To achieve a more business–friendly environment involves policies that reduce the costs of regulation and taxes and cultivating opportunities to enhance business clusters. Perhaps encouraging skilled foreign immigrants to settle in Cleveland would help build a stronger workforce.

Green Jobs in Strong Market Cities versus Weak Market Cities

Robert Pollin, University of Massachusetts–Amherst

Pollin’s recommendations for implementing green projects have been incorporated into the $787 billion American Recovery and Reinvestment stimulus program. For years, the conventional wisdom on environmentally friendly programs and jobs was, “You can get one or the other, but there are substantial tradeoffs,” Pollin said. “Protecting the environment would have to come at the expense of job creation and vice versa.”

Well, perhaps not, Pollin argues. “Embedded in the stimulus program was precisely the opposite idea that investing and building in clean energy environment could actually be an engine of economic growth,” Pollin said.

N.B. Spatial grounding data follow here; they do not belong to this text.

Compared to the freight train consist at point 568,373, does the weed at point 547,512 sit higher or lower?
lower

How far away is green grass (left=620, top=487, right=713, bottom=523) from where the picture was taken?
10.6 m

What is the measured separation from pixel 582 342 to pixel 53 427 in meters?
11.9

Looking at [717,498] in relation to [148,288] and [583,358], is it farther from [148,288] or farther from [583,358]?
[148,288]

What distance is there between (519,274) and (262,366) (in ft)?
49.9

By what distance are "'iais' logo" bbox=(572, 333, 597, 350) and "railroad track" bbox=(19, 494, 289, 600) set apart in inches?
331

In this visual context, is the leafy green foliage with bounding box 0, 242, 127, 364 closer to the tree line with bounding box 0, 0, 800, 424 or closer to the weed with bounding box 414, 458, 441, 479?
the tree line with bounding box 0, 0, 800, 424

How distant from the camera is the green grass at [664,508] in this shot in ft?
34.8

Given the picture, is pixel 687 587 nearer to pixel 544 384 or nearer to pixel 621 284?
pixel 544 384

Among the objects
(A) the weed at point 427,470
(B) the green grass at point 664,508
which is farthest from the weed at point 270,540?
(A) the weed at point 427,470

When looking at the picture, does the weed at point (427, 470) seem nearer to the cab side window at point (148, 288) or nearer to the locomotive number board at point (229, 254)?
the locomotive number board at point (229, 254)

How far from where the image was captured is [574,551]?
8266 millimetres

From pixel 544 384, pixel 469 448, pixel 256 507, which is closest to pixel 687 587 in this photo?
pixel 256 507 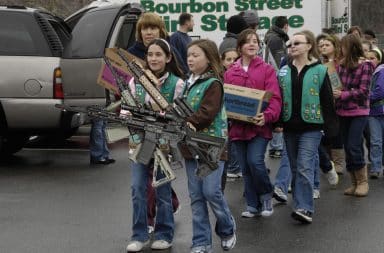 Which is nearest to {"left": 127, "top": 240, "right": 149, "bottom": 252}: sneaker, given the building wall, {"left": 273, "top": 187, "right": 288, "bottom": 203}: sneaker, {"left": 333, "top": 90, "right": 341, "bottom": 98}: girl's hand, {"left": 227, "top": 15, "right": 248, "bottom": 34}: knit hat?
{"left": 273, "top": 187, "right": 288, "bottom": 203}: sneaker

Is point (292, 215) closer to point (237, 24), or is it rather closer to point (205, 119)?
point (205, 119)

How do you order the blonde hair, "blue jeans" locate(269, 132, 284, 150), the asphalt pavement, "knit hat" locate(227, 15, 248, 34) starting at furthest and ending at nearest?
"blue jeans" locate(269, 132, 284, 150)
"knit hat" locate(227, 15, 248, 34)
the blonde hair
the asphalt pavement

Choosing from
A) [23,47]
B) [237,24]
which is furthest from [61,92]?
[237,24]

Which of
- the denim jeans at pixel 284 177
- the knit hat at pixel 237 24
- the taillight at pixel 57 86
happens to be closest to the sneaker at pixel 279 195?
the denim jeans at pixel 284 177

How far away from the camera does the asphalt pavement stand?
654cm

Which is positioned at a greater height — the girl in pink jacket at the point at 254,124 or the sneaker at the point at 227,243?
the girl in pink jacket at the point at 254,124

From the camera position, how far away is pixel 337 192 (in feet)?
28.6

Pouring money into any project will create jobs, Pollin acknowledges. The key question is how many jobs can clean energy projects create relative to spending in non–clean areas, making it a source of net–job creation. To answer that question, Pollin looked at a leading driver of clean energy programs—building retrofits. By his calculations, each $1 million spent on building retrofits produces 17 jobs. By contrast, 5 jobs are created per million of expenditures on fossil–fuel–oriented projects, such as with oil and coal. That gives a net 12 jobs for clean energy programs over non–clean energy programs. The reason for the differnece is that clean energy activities are both more labor intensive and domestically centered than oil and coal projects.

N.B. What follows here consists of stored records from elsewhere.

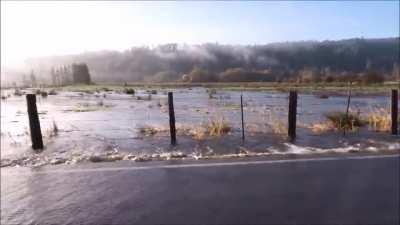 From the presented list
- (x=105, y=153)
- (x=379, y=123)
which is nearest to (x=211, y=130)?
(x=105, y=153)

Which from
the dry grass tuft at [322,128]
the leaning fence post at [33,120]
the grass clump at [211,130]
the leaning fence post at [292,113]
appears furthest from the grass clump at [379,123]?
the leaning fence post at [33,120]

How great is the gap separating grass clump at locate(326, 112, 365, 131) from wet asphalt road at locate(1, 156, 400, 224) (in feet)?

The arithmetic follows: every time you take $1 million out of fossil fuel and direct it into clean energy, you create 12 jobs. But it’s given that clean energy jobs are likely to pay less because productivity is lower, and may involve lesser–skilled workers.

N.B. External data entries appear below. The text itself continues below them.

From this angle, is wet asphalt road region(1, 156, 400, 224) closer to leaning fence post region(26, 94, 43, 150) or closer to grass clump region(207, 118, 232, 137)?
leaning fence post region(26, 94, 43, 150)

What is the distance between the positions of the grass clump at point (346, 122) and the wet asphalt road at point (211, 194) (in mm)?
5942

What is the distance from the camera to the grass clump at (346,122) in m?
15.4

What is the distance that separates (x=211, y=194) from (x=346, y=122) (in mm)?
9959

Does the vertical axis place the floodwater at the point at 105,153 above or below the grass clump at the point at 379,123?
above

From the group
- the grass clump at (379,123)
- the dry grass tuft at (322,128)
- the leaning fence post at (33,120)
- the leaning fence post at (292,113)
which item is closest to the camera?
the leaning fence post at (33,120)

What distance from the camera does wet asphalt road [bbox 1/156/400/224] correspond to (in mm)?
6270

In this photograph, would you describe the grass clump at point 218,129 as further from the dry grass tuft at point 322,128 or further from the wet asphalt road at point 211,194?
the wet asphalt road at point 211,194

Pollin calculated that $150 billion per year—or about 1 percent of GDP—is a reasonable, sustainable number for public investment in clean energy. That level of investment would net 1.7 million jobs. If spread out through the country, places like Cleveland could create more than 10,000 jobs and see unemployment fall by 1 percentage point. “Building a clean energy economy is a transformative agenda,” Pollin concluded. “We have gotten past the point where we think of saving the environment as a tradeoff with job creation. It is an enormous opportunity to create decent jobs and to fight poverty throughout the country.”

Evergreen Cooperative Initiative

Ted Howard, Democracy Collaborative, University of Maryland

In a time when everyone, it seems, is scrambling to create jobs, how do you begin in a weak market region like Cleveland? One promising way is through the Cleveland Model, a comprehensive program that aims to create jobs for underemployed residents of Cleveland. Moreover, these are green jobs.

The strategy has five parts:

  1. Focus on an anchor institution purchasing locally. In this case, the anchors are in Cleveland’s Greater University Circle, with the anchor being the Cleveland Clinic.
  2. Create new community–based businesses. An example is Evergreen Cooperatives, which serves as an incubator for new businesses including a laundry service.
  3. Be “Green.” The Evergreen Cooperative Laundry, for example, which uses environmentally friendly products and less water than conventional laundries.
  4. Link to expanding sectors of the economy. In Cleveland, the health care industry is a leading driver of growth.
  5. Ensure financing and management to move to scale. The Evergreen Cooperative Development Fund was established toward that end.

The goal is to create between 500 and 5,000 new jobs for local residents in the neighborhood. Instead of major local institutions spending their money elsewhere, many new jobs could be created if they used local sources of workers and goods. “If we could create 5,000 good–quality jobs in these neighborhoods, then we can reach a point that we can have a rebuilding of the economy and that can have a transformative effect on the area,” Howard said.